Après un an et demi de recul, je me dis que “à toute chose malheur est bon” !!
Je me suis rendue compte que les enfants de la côte d’Opale étaient très intéressés non seulement par la vie des éléphants mais aussi par la vie des enfants autour de moi à Kurichithanam et au-delà de tout cela par les liens entre les gens et leur culture.
J’ai ainsi pu comprendre que l’un de vos grands poètes, Jean de la Fontaine, célèbre pour ses fables et ses contes, a été inspiré par le Grec Ésope et aussi par le Panchatantra, recueil très ancien des fables indiennes (vers 300 av J-C).
J’ai particulièrement été intéressée par ce travail de collection et de transmission, dans la mesure où je suis entourée d’enfants à qui les parents et les enseignants transmettent quotidiennement des messages importants en utilisant la fable et le conte.
J’entends chaque jour au moins un conte passionnant comme celui-ci : Kuttan s’est intéressé à l’écriture et a passé de nombreux mois à mettre en forme son conte. Il est allé voir le grand écrivain Vaikom Muhammad Bashir (Basheer) vous savez celui qui a écrit “grand-père avait un éléphant“.
Bashir, très heureux d’écouter Kuttan, s’est assoupi rapidement, et Kuttan a poursuivi la lecture jusqu’au bout, puis voyant toujours son interlocuteur assoupi, s’en est allé.
Triste et terriblement déçu, il s’en est allé, laissant Bashir endormi.
Quelques jours plus tard, croisant le grand homme dans la rue, celui-ci lui demande où il en est par rapport à son manuscrit, Kuttan lui confie l’avoir déchiré et brûlé, ayant compris que son histoire était nulle, ayant ennuyé son interlocuteur. Ce à quoi Bashir lui répond que, bien au contraire, elle est réellement merveilleuse et que qu’il l’avait écoutée avec une attention et concentration extrêmes.
Dépité et abattu, Kuttan dit que malheureusement son travail était parti en fumée, ce à quoi Bashir lui répond qu’il pouvait lui dicter à la virgule près l’ensemble de son écrit, l’invitant ainsi à récupérer son récit.
Bien sûr, chers enfants et amis, je n’ai pas le génie de Jean de la Fontaine pour vous conter cette histoire et les contes et fables que j’entends toujours avec un immense plaisir, ces contes qui enseignent sur l’importance de l’écoute, de l’observation, qualités primordiales à transmettre et à partager sans modération.

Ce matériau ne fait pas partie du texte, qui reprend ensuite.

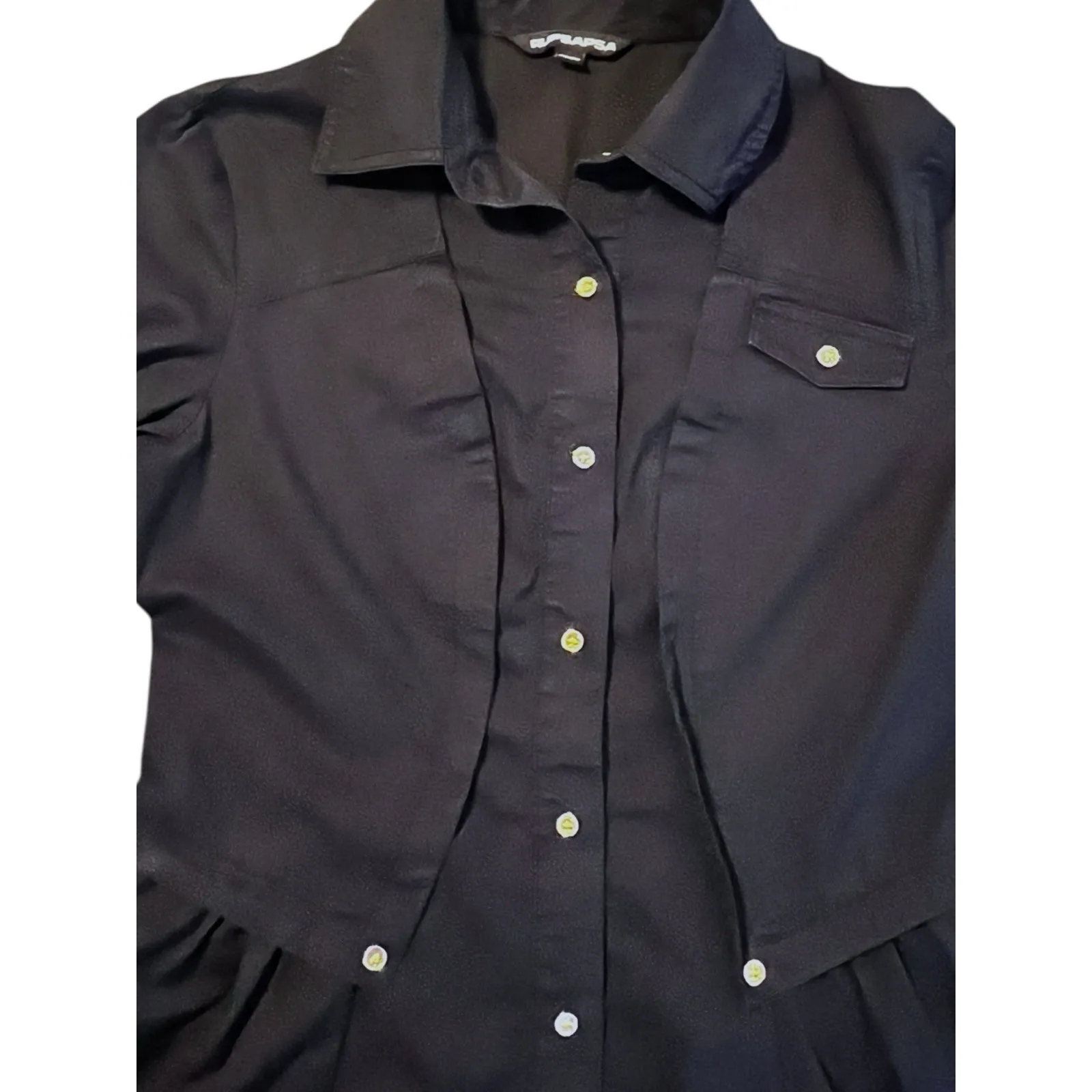 Rupsaps Retro 50s Roll Tab Sleeve Shirt‎ Waist Dress Size L Utilitarian Military Black Size L - Image 3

J’aimerais tant voir un poète, comme votre monsieur de la Fontaine, collecter ces nombreux contes et fables, qui font la joie des petits et des grands, les aidant à avoir ce recul nécessaire sur la vie de tous les jours.
Je ne peux cependant pas m’empêcher de vous inviter à lire le délicieux conte de Muhammad Basheer, “Grand-père avait un éléphant”, traduit en français. Vous serez emportés dans l’atmosphère de mon pays où, bien sûr, avoir un éléphant était signe de richesse, mais chaque fois que que l’on me conte l’histoire de Kounnioupattouma, je verse une larme de bonheur.
Chers enfants et amis, je vous fais de gros bisous et surtout prenez soin de vous.